This is a rather good read for anyone interested in reproducible research (i.e., everyone who tries to become a researcher as a career)
TLDR:
Why reproducible research
- reproducible research helps researchers remember how and why they performed specific analyses during the course of a project.
- reproducible research enables researchers to quickly and simply modify analyses and figures.
- reproducible research enables quick reconfiguration of previously conducted research.
- conducting reproducible research is a strong indicator to fellow researchers of rigor, trustworthiness, and transparency in scientific research.
- reproducible research increases paper citation rates (Piwowar et al. 2007, McKiernan et al. 2016) and allows other researchers to cite code and data in addition to publications.
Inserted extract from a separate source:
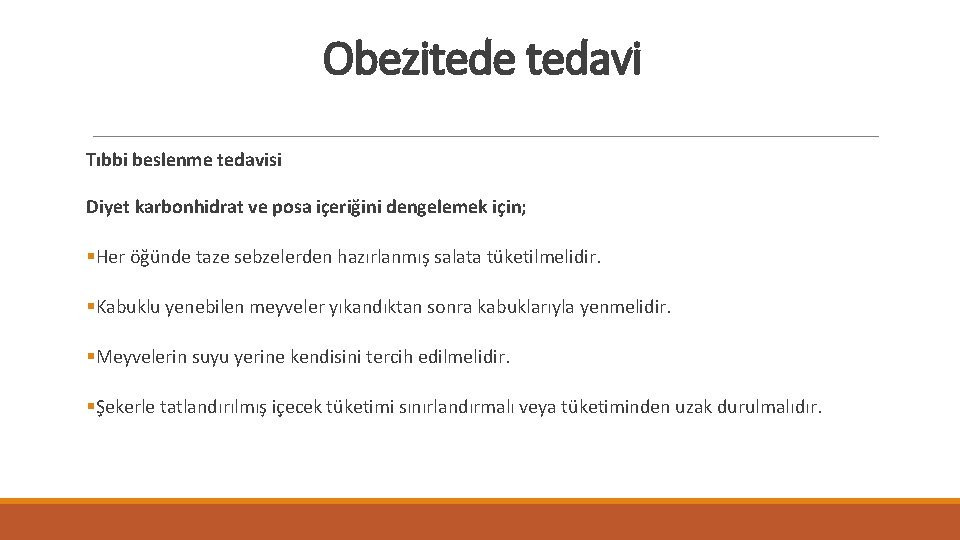 Obezitede tedavi Tıbbi beslenme tedavisi Diyet karbonhidrat ve posa içeriğini dengelemek için; §Her öğünde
A three-step framework for conducting reproducible research
Before data analysis: data storage and organization
- data should be backed up at every stage of the research process and stored in multiple locations.
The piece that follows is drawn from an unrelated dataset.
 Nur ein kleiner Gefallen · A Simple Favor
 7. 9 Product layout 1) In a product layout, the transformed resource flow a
- Digital data files should be stored in useful, flexible, portable, nonproprietary formats.
- It is often useful to transform data into a “tidy” format (Wickham 2014) when cleaning up and standardizing raw data.
- Metadata explaining what was done to clean up the data and what each of the variables means should be stored along with the data.
- Finally, researchers should organize files in a sensible, user-friendly structure and make sure that all files have informative names.
- Throughout the research process, from data acquisition to publication, version control can be used to record a project’s history and provide a log of changes that have occurred over the life of a project or research group.
During analysis: best coding practices
- When possible, all data wrangling and analysis should be performed using coding scripts—as opposed to using interactive or point-and-click tools—so that every step is documented and repeatable by yourself and others.
- Analytical code should be thoroughly annotated with comments.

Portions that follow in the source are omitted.